Work to be completed →
Return the data that follows exactly as it appears. Pictures do not belong in the copy.

Given data →
++++++++++++++++++++
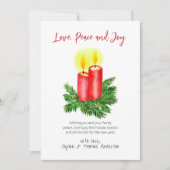 De Geest van Kerstmis Advent Kaarsen Vrede en vreu Feestdagenkaart (Voorkant)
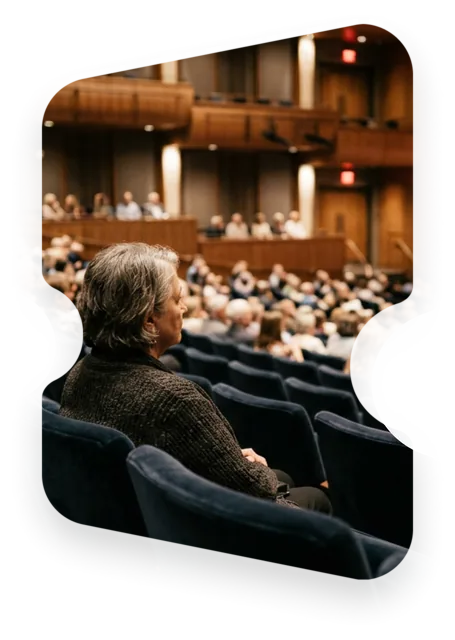 A guest in the stalls looking towards the stage of a full house, masked into the Entrello ticket mark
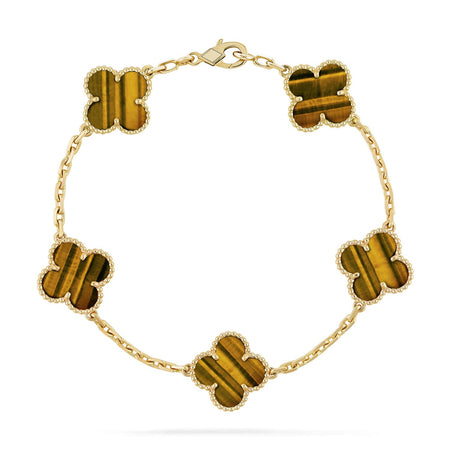 [Amore Jewelry] CLOVER 5 MOTIFS TIGER EYE BRACELET COLLECTION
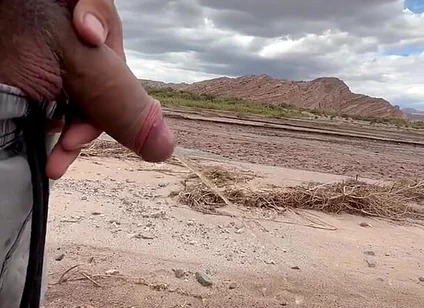 Young Uncut Boy Pee in Desert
++++++++++++++++++++
Written response →
 De Geest van Kerstmis Advent Kaarsen Vrede en vreu Feestdagenkaart (Voorkant)
 A guest in the stalls looking towards the stage of a full house, masked into the Entrello ticket mark
 [Amore Jewelry] CLOVER 5 MOTIFS TIGER EYE BRACELET COLLECTION
 Young Uncut Boy Pee in Desert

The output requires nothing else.